1. The Foreknowledge Fiona. The Foreknowledge Fiona has vast stores of intuition that are never wrong. She just knows to hide information from somebody who’ll turn out to be a bad guy later on. The giant monster’s weak spot is easily guessable for her. All of the author’s knowledge about the plot is hers to command. It often manifests itself in little impulses that always work out.
2. The Solver Sarah. If there’s a puzzle that a large tribe of people have been working on for thousands of years, expect the Solver Sarah to stumble upon the answer with no help in an hour. This might be acceptable once, but the Solver Sarah will then proceed to find the culprit behind a string of murders all by herself. She seems to be a staple of detective series. Remember: the more people who are working on finding something, the less likely your protagonist will be the one to do so.
3. The Obsessed Oswald. The Obsessed Oswald is only bad in a cast of similar characters. The author has decided that when they give a character a trait such as “likes cereal,” the character must then love cereal with a passion. Everything the Obsessed Oswald likes, he loves. Everything he dislikes, he hates. It’s fine to have one character like this, but the Obsessed Oswald usually likes to bring his other obsessed friends along for the ride.
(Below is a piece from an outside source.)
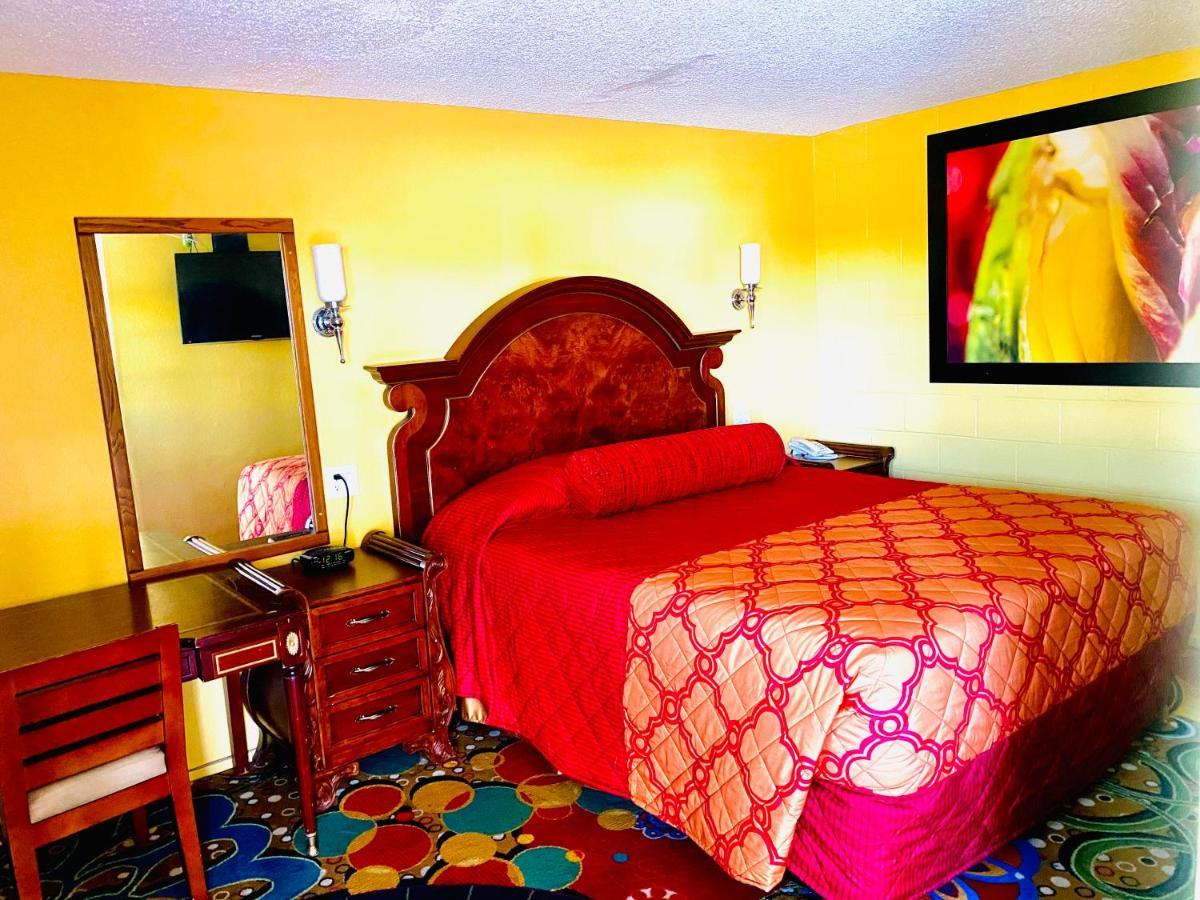 A Fisher'S Inn Motel Las Vegas Dış mekan fotoğraf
4. The Correct Carl. The Correct Carl lives only to give sage advice. The magical sage advice he gives is always right. When characters follow the Correct Carl’s advice, it works out well for them. When they don’t, they get in trouble. Unless you’re writing about Jesus himself, nobody is going to give the right advice 100% of the time. The Correct Carl is at his most annoying when he works as a relationship counseler or matchmaker.
5. The Quiet Quinn. There is nothing at all wrong with having quiet, introverted characters. To accurately represent humanity, some of your characters should be quiet. The problem arises when you portray introversion as inherently better. The Quiet Quinn is always smarter than his loudmouth companions. He’s able to notice things that they miss. He’s more polite and more caring. Often, the Quiet Quinn will only really open his mouth when there’s a wise figure around to ask questions to, because the Quiet Quinn is also more curious than those idiot extraverts he has to put up with.
6. The Dark Damien. The Dark Damien tries to fit the dark and brooding character profile, but he doesn’t actually have anything to brood about. His past was pretty nice. Instead of just cheering up because he has a pretty good life, he broods about philosophy. This is always a bad idea. If your character broods about philosophy and has a bad past, that’s fine. If it’s just philosophy, you’ve created a Dark Damien. Unless you go to great lengths to portray him as just a whiny emo, you’ll create an annoying character who’s really hard to like. People can sympathize with a whiny emo. Many peoplewere whiny emos at one point. I don’t think there’s anybody who can sympathize with a legitimate, serious dark and brooding character with nothing to actually brood about.
7. The Evil Ella. The Evil Ella doesn’t just run an evil empire and hate the heroes. She also steals pocket change and draws dirty pictures on bathroom walls. The Evil Ella is rumored to be a cannibal as well, and she keeps a whole room full of small, furry animals just so she can punch them when she feels bad. There comes a point when if you made your bad guys do any more bad things, they’d become funny instead of scary. This is to be avoided.
8. The Dialog Diana. Oh, no! There’s a battle happening, but nobody’s around who’s not fighting so that it can be talked about! Call the Dialog Diana! The Dialog Diana is like a second narrative voice. She talks about all of the stuff that should be conveyed in the narrative. The Dialog Diana voices her opinions on everything, right as it’s happening. She turns books into plays.